_RECORDS FOR PROCESSING_.
>>>
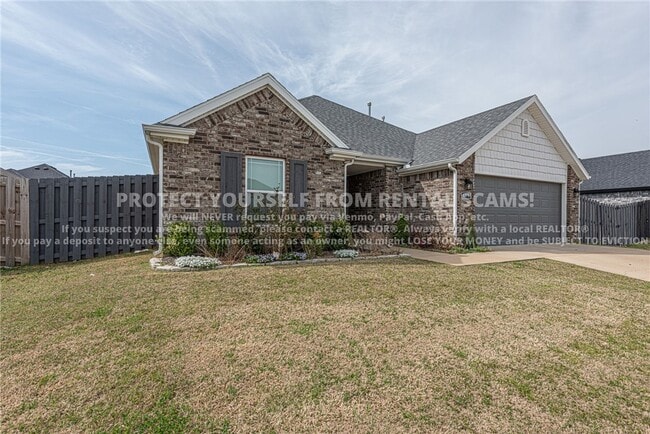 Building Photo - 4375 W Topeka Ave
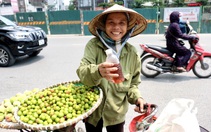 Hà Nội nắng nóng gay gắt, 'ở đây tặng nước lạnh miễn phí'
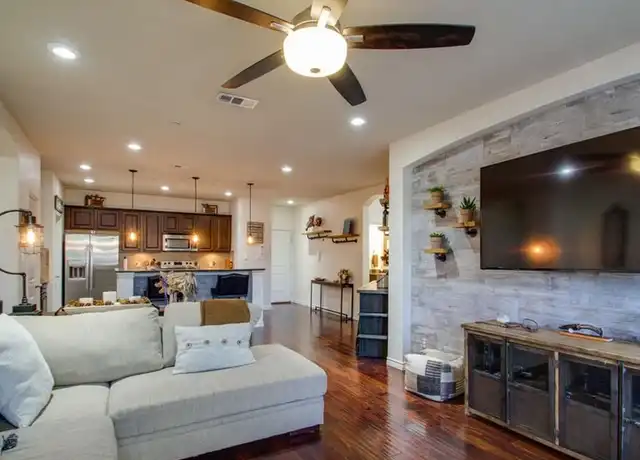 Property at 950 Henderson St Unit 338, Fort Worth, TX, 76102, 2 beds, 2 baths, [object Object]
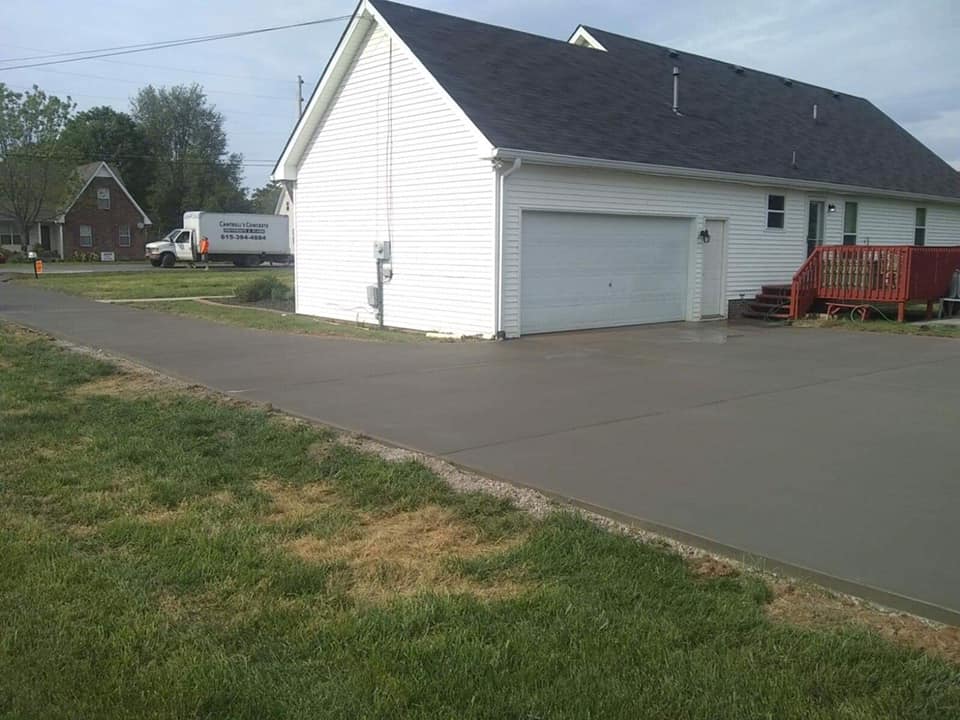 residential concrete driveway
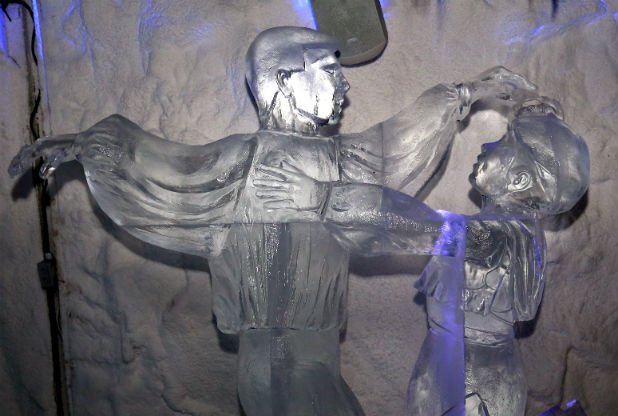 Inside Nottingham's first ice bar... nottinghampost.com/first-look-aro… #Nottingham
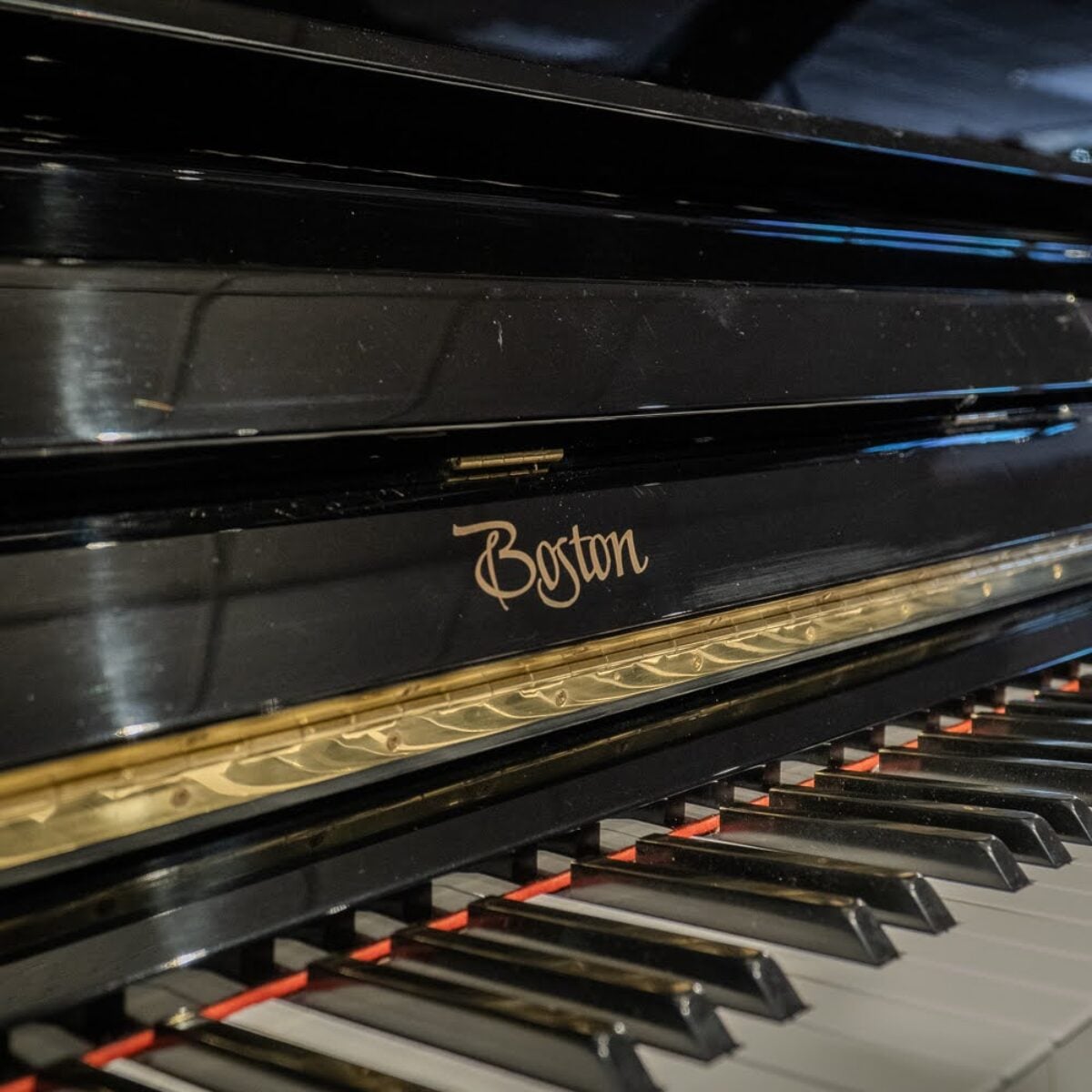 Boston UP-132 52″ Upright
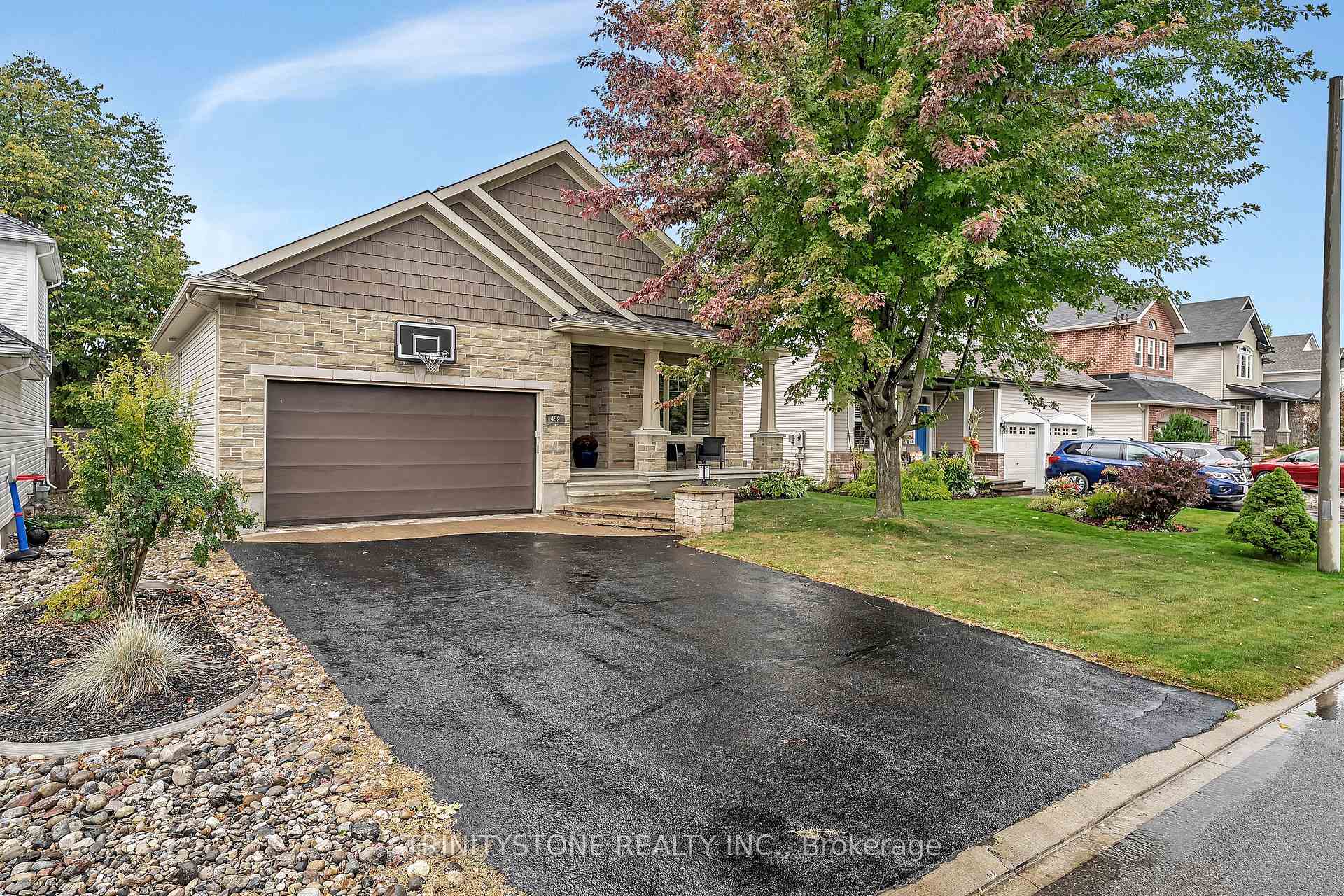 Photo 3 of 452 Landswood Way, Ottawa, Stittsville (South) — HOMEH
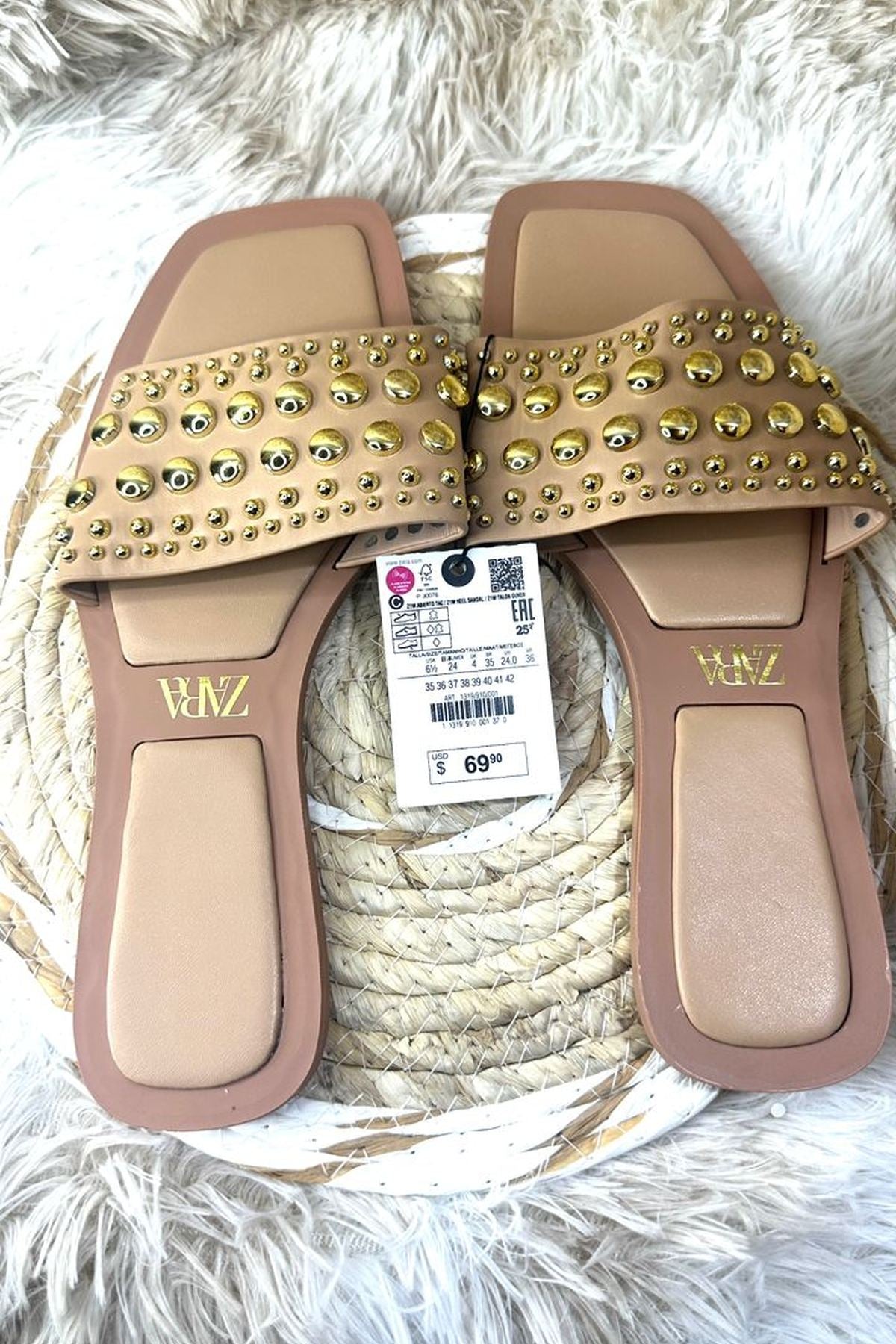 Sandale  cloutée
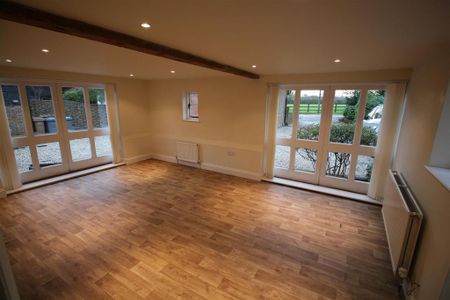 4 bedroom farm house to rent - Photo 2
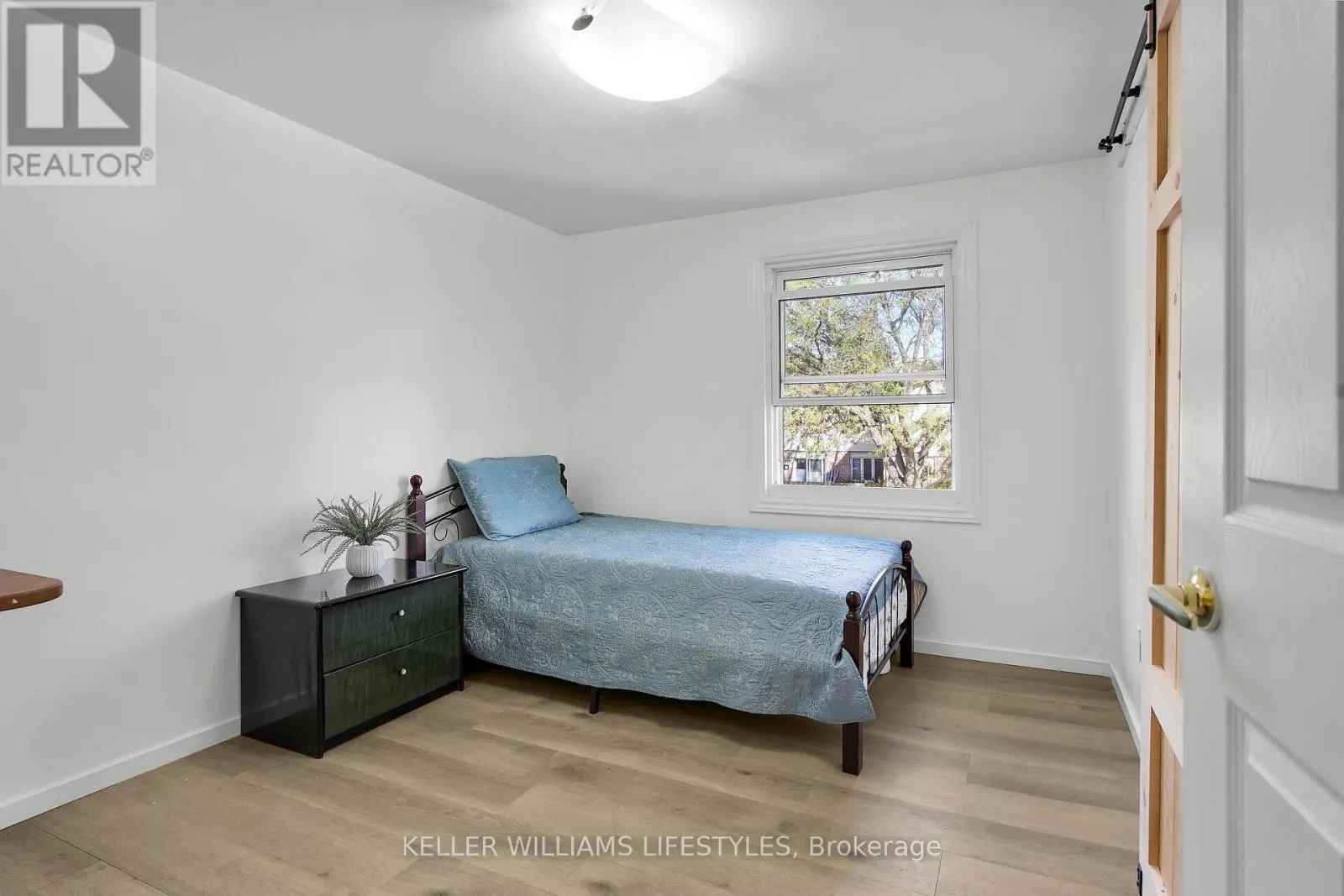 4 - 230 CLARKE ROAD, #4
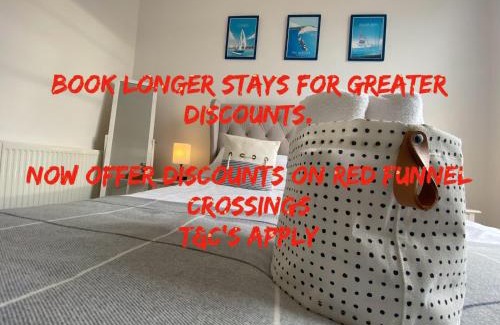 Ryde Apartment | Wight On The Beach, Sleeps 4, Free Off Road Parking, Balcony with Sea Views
<<<
_ASSIGNMENT_.
All of the entries above are to be restated word for word, minus the images.

_EXERCISE RESULT_.
 Building Photo - 4375 W Topeka Ave
 Hà Nội nắng nóng gay gắt, 'ở đây tặng nước lạnh miễn phí'
 Property at 950 Henderson St Unit 338, Fort Worth, TX, 76102, 2 beds, 2 baths, [object Object]
 residential concrete driveway
 Inside Nottingham's first ice bar... nottinghampost.com/first-look-aro… #Nottingham
 Boston UP-132 52″ Upright
 Photo 3 of 452 Landswood Way, Ottawa, Stittsville (South) — HOMEH
 Sandale  cloutée
 4 bedroom farm house to rent - Photo 2
 4 - 230 CLARKE ROAD, #4
 Ryde Apartment | Wight On The Beach, Sleeps 4, Free Off Road Parking, Balcony with Sea Views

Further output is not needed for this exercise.